ODDLY ENOUGH
ODDLY ENOUGH
Washington woman’s listing as slain is a surprise to her
KENNEWICK, Wash.
Cheri Schumann would like Kennewick High School’s class of 1971 to know she’s very much alive.
A story in Saturday’s Tri-City Herald about Kennewick High’s reunion focused on seven classmates who were slain out of 80 who had died. Schumann — now Cheri Taylor — was included.
But Taylor lives in Mill Creek, north of Seattle, with her husband and four children. She says she’s happy, healthy and not ready to be buried.
Reunion co-chairwoman Debra Blum told the newspaper that the report of Taylor’s premature demise came by email, apparently from another classmate. Blum says she used other sources to verify it.
Blum says another classmate listed in the story — Leo Marcel — also wasn’t murdered. He died in 2004 after a lengthy illness.

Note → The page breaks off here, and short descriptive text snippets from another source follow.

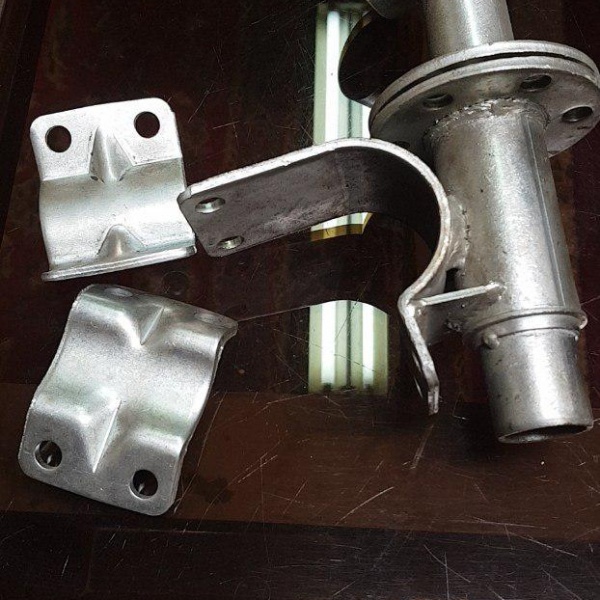 ساخت قطعات آسانسور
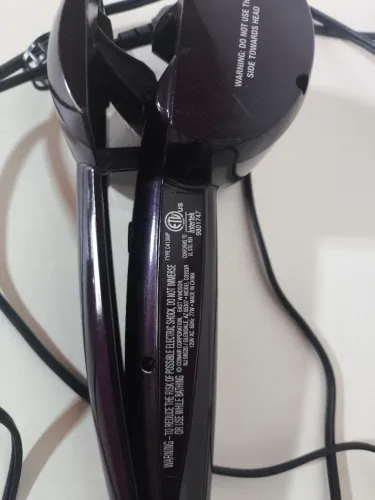 Modelador de Cachos Automático Conair InfinitiPro (Original)<br>? 110v - Excelente Estado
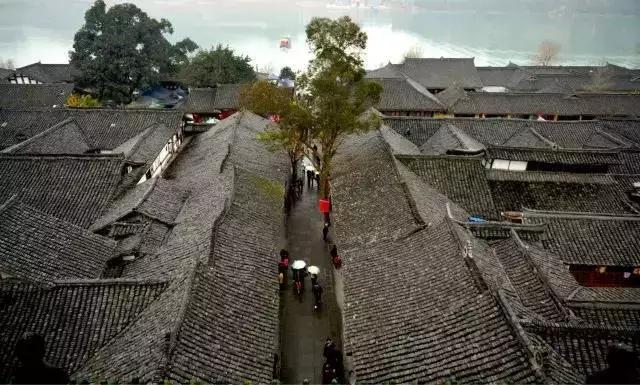 十大最美文化古村落,十大最美村镇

In Washington, 2 men skin 16-foot roadkill python
SEDRO-WOOLLEY, Wash.
A man was driving near a park in his Washington state hometown when he noticed an object on the side of the road that he thought was a large tree root. It turned out to be a dead, 16-foot-long python.
Lino Silva of Sedro-Woolley says the snake apparently had been run over by a car.
He and his friend Nick Pfeifer hauled the roadkill snake to a relative’s house, where they skinned it.
Pfeifer says he learned how to skin a python by watching the Discovery Channel. He says he plans to call a taxidermist so he can preserve the skin and use it to make a jacket or a vest.
The two men told the Skagit Valley Herald they think the python was somebody’s pet that escaped or was released.
Sedro-Woolley is about 70 miles north of Seattle.
Remorseful thief returns NH woman’s wallet, GPS
PLAISTOW, N.H.
Police say an apparently remorseful thief who stole a woman’s wallet in a New Hampshire supermarket showed up at her door days later to return $90 and a GPS, and brought along an apology letter.
The wallet was stolen from the 61-year-old woman’s cart July 18 in Plaistow. Her wallet was found at a Massachusetts post office.
Then on July 26, the victim heard a knock on her door. A man said he was sorry, returned her belongings, gave her the long letter and fled. Police say the thief probably found her address from something in her wallet.
Deputy Police Chief Kathleen Jones tells The Eagle-Tribune that although the woman is happy to have her belongings back, she’s unnerved that the thief knows where she lives.
Jones says the thief still faces charges when caught.